What is not seen in the video is the rest of the hotdog that I put behind him on the dining room table- but Miller had already gone down the rabbit hole of hysterics and there was no saving him.

Enjoy....(I kinda did)

Tuesday, May 8, 2012

Caillou is going down

Caillou has become an institution in my sons TV library. I'm not sure how or when it started- possibly during the early years of complete parental ignorance and confusion, and having 2 children within 17 months might have contributed to it as well. There must have been a time where relative peace and quiet trumped quality of parenting. I hope my lovely wife and I were just too exhausted to pay enough attention to what we put on the TV for him.

Regardless, Caillou has infiltrated our household like methamphetamines has to Applachia.

Bottom line- I hate that little @#$% Caillou. 

First let me start with the name. There have been 108 episodes featuring that whiny flesh toned Jack in the Box. I guarantee there is not a child on the planet named after that kid. I think we parents have all learned from the iconic Johnny Cash song 'Sue' to not give our children ridiculous names (unless you're a celebrity, of course). And lets face it- 'Caillou' is impossible to spell. In fact, I had to look it up on the 'ol internetz for this post. And every time I mention the name again I have to look up and see how I spelled it the last time. (Close your eyes right now and try it- betcha' can't do it).

His name seems more appropriate as a character in Dances with Wolves. Perhaps as Kevin Costner's reliable but mute side kick. (Kevin Costner: 'Caillou, get the fire ready!' Caillou: mmmmmmmm'.) Maybe there's a sequel in the works. Run with it, Orion Pictures, this one's on me.

Now lets get to the looks. I'm not one for pointing out shortcomings of children but not only is Caillou a blatant rip off of Charlie Brown, but in a more dumbed down way. My son draws portraits of Caillou every day- accidentally. If you can draw a vague rendering of a circle and manage to leave a dot or scratch inside of it- you have a pretty decent likeness of Caillou. 

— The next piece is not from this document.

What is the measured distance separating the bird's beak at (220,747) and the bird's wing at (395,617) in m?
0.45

And man...does that kid WHINE. This is something I don't need any more of it in my house, we're at full capacity for that behavior as it is. It seems the only person having a good time on the show is the grandmother, who also happens to be the narrator. (read: not really in Caillou's presence, she's apparently in the sound studio doing voice over, so why wouldn't she be happy?)

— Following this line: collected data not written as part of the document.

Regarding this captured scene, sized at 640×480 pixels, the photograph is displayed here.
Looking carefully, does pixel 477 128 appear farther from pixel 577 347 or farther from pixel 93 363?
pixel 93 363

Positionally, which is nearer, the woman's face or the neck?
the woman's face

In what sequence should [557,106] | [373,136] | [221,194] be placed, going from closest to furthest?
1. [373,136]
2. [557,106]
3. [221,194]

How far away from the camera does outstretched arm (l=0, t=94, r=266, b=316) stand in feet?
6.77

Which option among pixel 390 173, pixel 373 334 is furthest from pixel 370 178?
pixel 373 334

I have an alternate and more realistic title for this show. How about 'Birth Control'. This seem to get the point across more effectively. At the risk of putting MTVs show '16 and Pregnant' out of business, just have you sex- aged children watch a few hours of Caillou and we'll nip this teen pregnancy crisis in the bud. Thank me later President Obama.

For the first time in my life, I rued the day DVR was invented. Caillou can be watched ANY TIME. Whenever I'm forced to pick up the remote and scroll around to find Caillou (its either watch whining on TV or experience it real time with my son) I am pleasantly reminded things could be worse.

He hasn't yet found Spongebob Squarepants. Who also should have a starring role in that Wolf Dancing movie, I think.